Blog >Agent Hardening locks it down for Stealthbits
Black Hat 2016 - Agent Hardening

Over the years, I’ve had the privilege of attending many trade shows and conventions; some better than others. However, one thing remains the same – meeting interesting people.

As a vendor, you attend expecting to be the one showing people how things are done. More often than not, though, this becomes a two-way conversation and I go home with plenty of new and exciting ideas to be thinking about.

This year’s Black Hat USA in Las Vegas was no exception.

Logs, logs files everywhere and not an audit to rely on

Unsurprisingly, given SIEM is on everyone’s tongue, one of the key topics of conversation was security logs. Logs of all kinds, Operating System, Application, and network devices.

One area that particularly caught my attention was the subject of log manipulation by bad actors to cover their tracks – manipulation through amending or the deletion of log files. A few high profile cases of this tactic have come to light recently, specifically around the deletion of native Active Directory log files. Let’s face it, if a bad actor has compromised a Domain or Enterprise Administrator account, they have the keys to the kingdom – both in terms of the directory and data, as well as the corresponding logs.

Many of the traditional players in Data Access Governance and AD auditing have (and still do) rely on the native log files, which given this trend of manipulation throws considerable shade on the validity of the event data being presented to the customer.

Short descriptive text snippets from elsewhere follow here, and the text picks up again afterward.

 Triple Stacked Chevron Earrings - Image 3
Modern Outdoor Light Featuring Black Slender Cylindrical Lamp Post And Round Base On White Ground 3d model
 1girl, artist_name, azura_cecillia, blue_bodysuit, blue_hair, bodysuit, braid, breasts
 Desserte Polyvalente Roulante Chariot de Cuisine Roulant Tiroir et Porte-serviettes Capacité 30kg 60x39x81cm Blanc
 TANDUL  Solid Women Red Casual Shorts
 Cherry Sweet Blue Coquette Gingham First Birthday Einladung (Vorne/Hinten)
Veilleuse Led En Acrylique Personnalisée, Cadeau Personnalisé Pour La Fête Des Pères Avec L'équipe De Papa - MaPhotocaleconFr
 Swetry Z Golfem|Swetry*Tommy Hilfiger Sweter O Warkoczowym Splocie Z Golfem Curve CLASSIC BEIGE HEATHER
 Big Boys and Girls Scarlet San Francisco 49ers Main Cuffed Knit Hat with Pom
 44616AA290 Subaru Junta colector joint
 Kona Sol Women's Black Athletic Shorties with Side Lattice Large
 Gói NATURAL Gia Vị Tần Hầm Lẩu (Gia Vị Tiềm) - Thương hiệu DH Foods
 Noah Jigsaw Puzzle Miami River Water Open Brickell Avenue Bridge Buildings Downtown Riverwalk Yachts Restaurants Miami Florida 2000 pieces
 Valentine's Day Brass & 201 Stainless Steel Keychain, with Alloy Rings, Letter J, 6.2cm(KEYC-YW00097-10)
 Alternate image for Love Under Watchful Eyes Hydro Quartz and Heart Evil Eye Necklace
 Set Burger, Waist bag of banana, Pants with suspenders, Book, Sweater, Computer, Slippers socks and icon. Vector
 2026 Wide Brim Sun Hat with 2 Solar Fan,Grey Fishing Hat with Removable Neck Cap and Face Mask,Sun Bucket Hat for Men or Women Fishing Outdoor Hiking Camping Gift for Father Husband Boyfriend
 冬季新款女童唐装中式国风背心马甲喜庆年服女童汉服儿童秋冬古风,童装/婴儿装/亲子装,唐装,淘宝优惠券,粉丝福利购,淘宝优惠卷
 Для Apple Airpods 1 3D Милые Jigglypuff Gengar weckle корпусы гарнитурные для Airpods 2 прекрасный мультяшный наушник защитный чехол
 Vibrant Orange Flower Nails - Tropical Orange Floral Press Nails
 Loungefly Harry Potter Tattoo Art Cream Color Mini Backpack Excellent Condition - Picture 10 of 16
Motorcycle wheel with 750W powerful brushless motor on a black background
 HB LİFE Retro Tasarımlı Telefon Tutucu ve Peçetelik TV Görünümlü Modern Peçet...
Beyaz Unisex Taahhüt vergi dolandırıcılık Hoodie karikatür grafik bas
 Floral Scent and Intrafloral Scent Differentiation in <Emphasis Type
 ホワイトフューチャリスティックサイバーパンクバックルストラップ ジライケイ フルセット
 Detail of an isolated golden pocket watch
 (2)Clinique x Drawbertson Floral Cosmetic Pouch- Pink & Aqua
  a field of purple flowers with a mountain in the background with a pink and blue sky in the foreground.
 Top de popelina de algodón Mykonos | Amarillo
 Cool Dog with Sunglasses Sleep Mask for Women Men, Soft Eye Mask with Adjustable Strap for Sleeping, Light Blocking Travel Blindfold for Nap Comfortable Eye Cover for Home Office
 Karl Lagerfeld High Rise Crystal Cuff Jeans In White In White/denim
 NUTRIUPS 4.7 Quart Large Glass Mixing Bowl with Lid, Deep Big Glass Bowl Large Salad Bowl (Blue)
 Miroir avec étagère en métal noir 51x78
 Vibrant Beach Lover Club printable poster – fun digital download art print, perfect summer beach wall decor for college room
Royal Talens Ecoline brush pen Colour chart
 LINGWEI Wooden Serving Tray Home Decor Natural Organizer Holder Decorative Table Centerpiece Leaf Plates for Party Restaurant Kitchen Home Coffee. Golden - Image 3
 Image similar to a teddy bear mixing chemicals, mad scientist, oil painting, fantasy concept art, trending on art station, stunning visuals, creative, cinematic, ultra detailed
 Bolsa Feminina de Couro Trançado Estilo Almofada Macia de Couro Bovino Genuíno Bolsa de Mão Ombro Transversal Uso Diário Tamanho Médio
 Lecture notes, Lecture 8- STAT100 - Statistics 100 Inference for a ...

While discussing the Stealthbits’ approach to this dilemma, it became clear to my fellow attendees that they were hearing an approach that directly addresses this challenge and risk.

It’s hard to intercept those bad actors

StealthINTERCEPT has zero reliance on log files of any sort and uses end point agents to gather activity and auditing data.

‘But an agent can be stopped, uninstalled or tampered with just like a log’, was the common response.

 ‘Not with our agent hardening option’ was my response. ‘We block the agent service from being stopped or uninstalled. We also lock down the install files and registry hive from manipulation’.

Followed by a few seconds of silence and reflection, they pondered the fact that this completely resigned the modus operandi of log manipulation to that of a legacy threat. Maybe they were wondering why they had spent so much time relying on logs despite knowing they were not reliable!

This made me reflect on the importance of auditing integrity – not log integrity.

Is the auditing data I’m getting directly from Active Directory and my file systems reliable? Is the data coming out of my SIEM valid if the integrity of the source data itself is questionable?

‘oh and by the way, StealthINTERCEPT also feeds the auditing data directly into your SIEM platform seamlessly’.

Did those jaws drop? They certainly did!!